--- PROVIDED DATA Enclosed Below ---

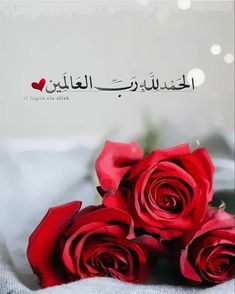 three red roses sitting on top of a white blanket with arabic writing above it and an image of two red roses in the foreground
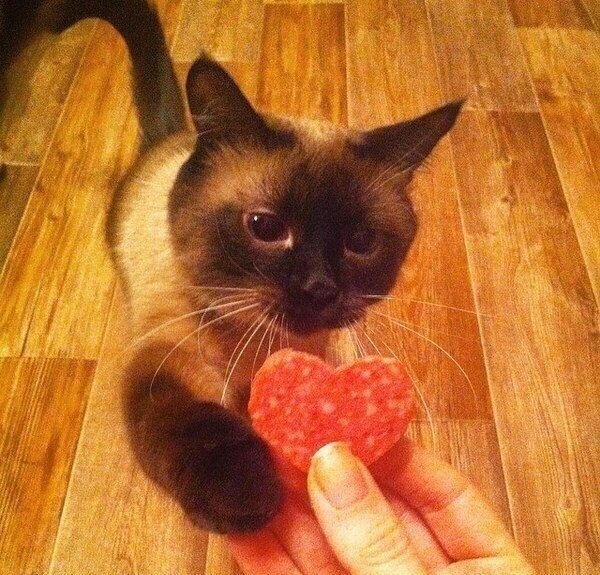 Я когда бутерброды делаю, кошка приходит, запрыгивает на стул и долго сидит, и смотрит на колбасу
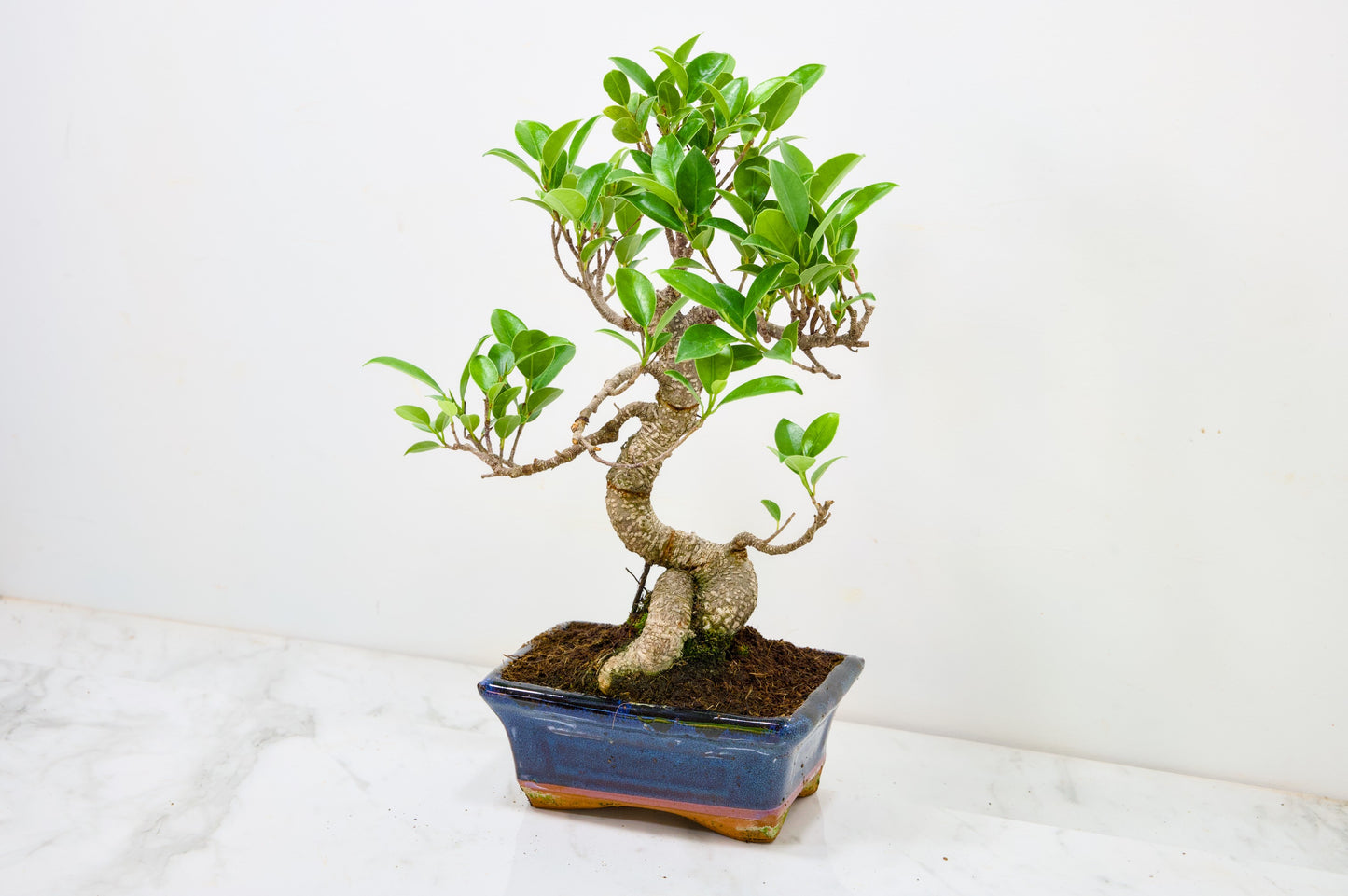 Banyan Fig Bonsai  S Trunk - 16cm Navy Ceramic Pot + Care Kit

--- End of Enclosed PROVIDED DATA ---

=== INSTRUCTIONS FOR THE TASK ===
The job is to return the listing above exactly, minus its pictures.

=== EXERCISE SOLUTION ===
 three red roses sitting on top of a white blanket with arabic writing above it and an image of two red roses in the foreground
 Я когда бутерброды делаю, кошка приходит, запрыгивает на стул и долго сидит, и смотрит на колбасу
 Banyan Fig Bonsai  S Trunk - 16cm Navy Ceramic Pot + Care Kit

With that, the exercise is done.